#### TASK INPUTS ####

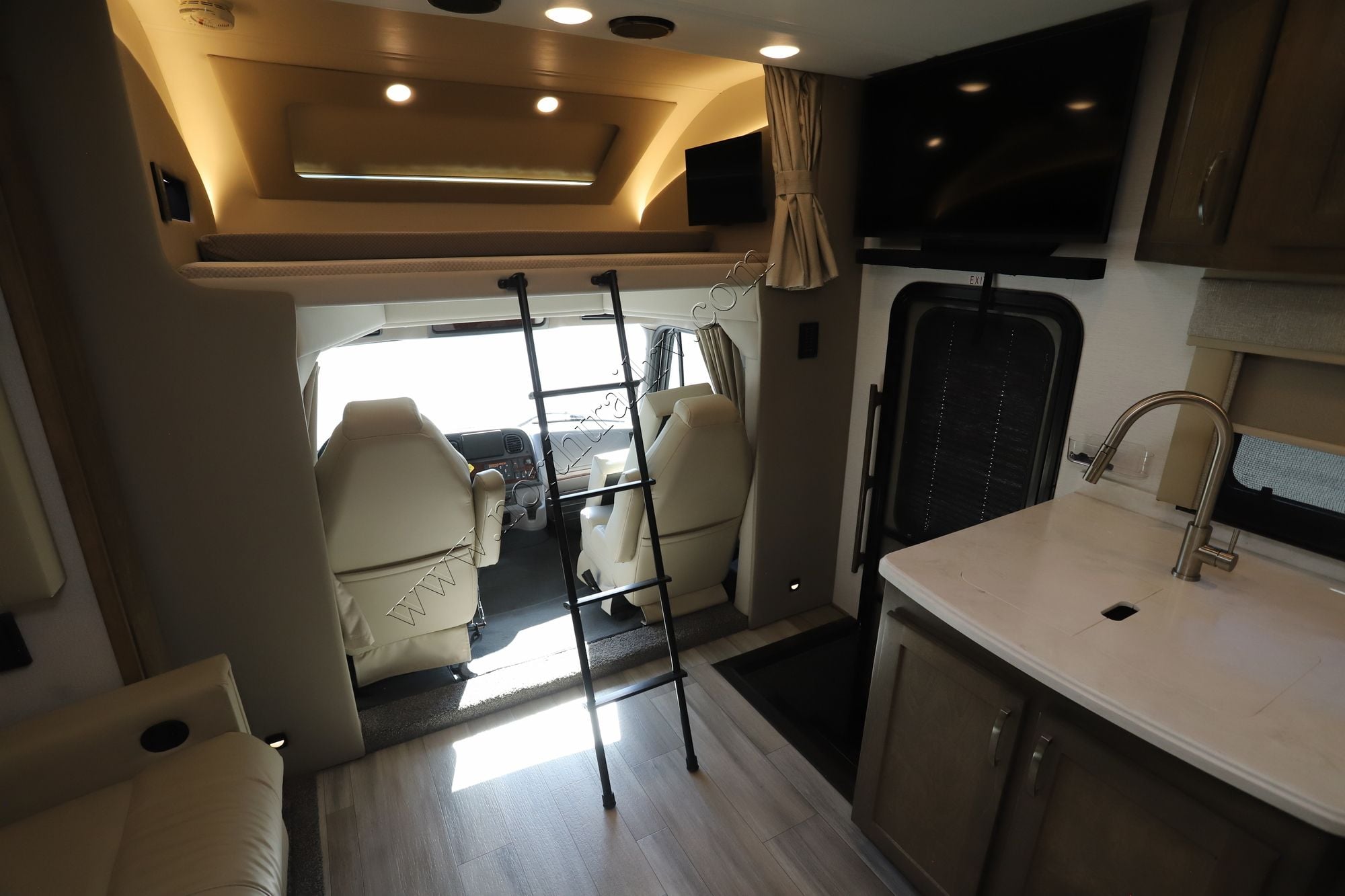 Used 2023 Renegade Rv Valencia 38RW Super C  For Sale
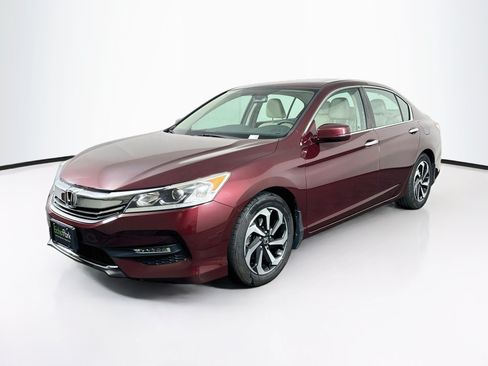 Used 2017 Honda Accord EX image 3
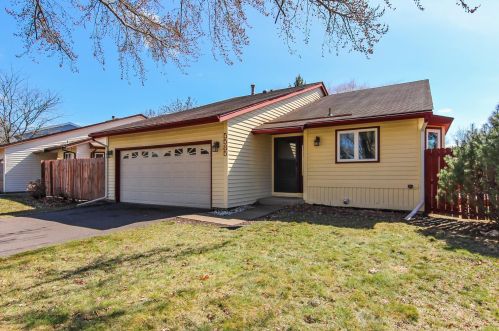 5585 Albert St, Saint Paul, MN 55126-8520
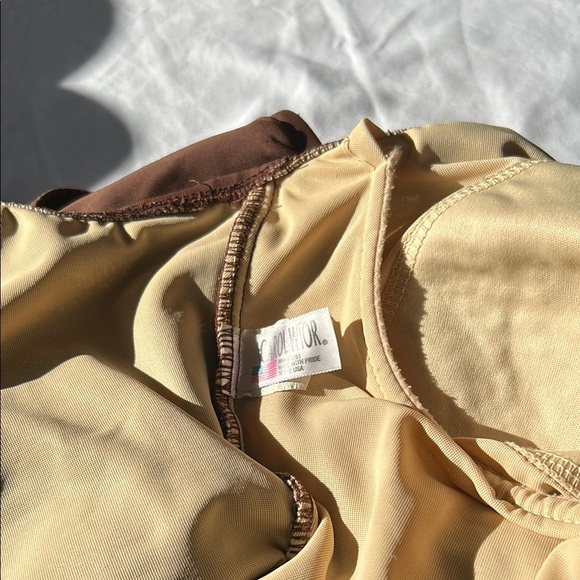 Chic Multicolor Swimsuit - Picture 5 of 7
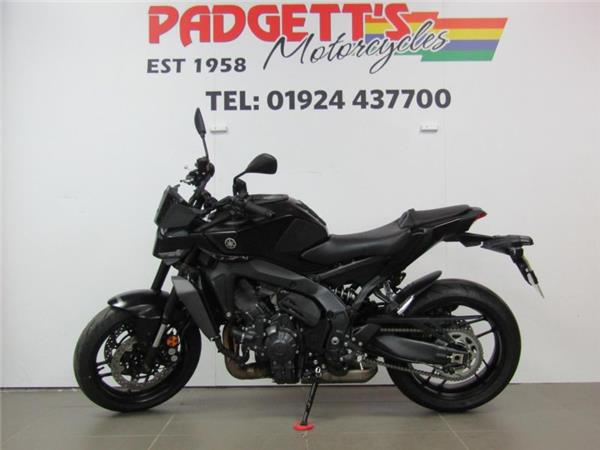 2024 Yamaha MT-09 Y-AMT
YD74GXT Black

####
#### TASK INPUTS ####

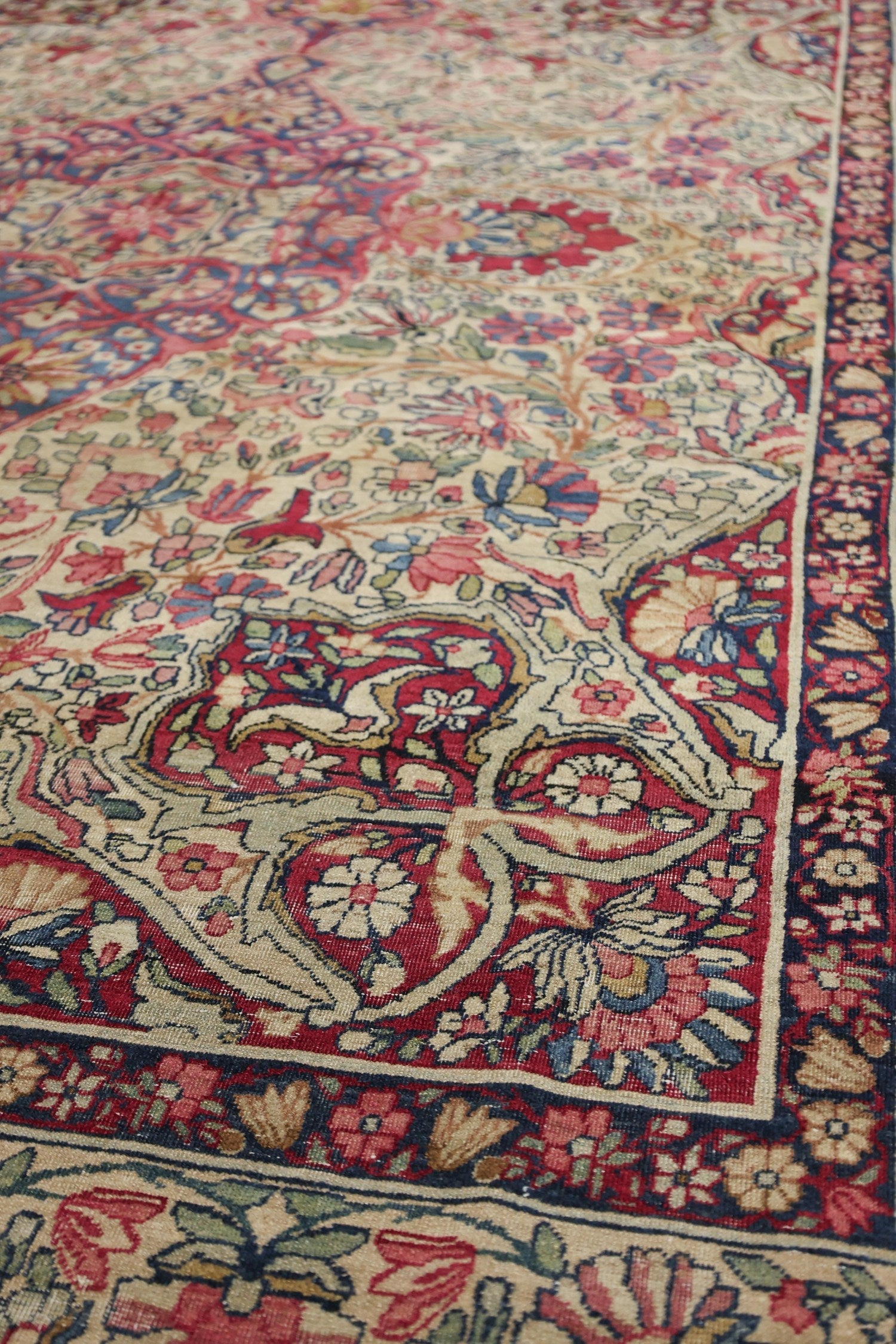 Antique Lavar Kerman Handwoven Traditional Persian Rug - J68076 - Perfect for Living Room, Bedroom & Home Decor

####

THE PROBLEM:
An exact copy is needed of the stretch above that opens with the line containing "Used 2017 Honda Accord EX image 3" and closes with the line containing "YD74GXT Black"; the pictures are not part of it.

ANSWER BOX:
 Used 2017 Honda Accord EX image 3
 5585 Albert St, Saint Paul, MN 55126-8520
 Chic Multicolor Swimsuit - Picture 5 of 7
 2024 Yamaha MT-09 Y-AMT
YD74GXT Black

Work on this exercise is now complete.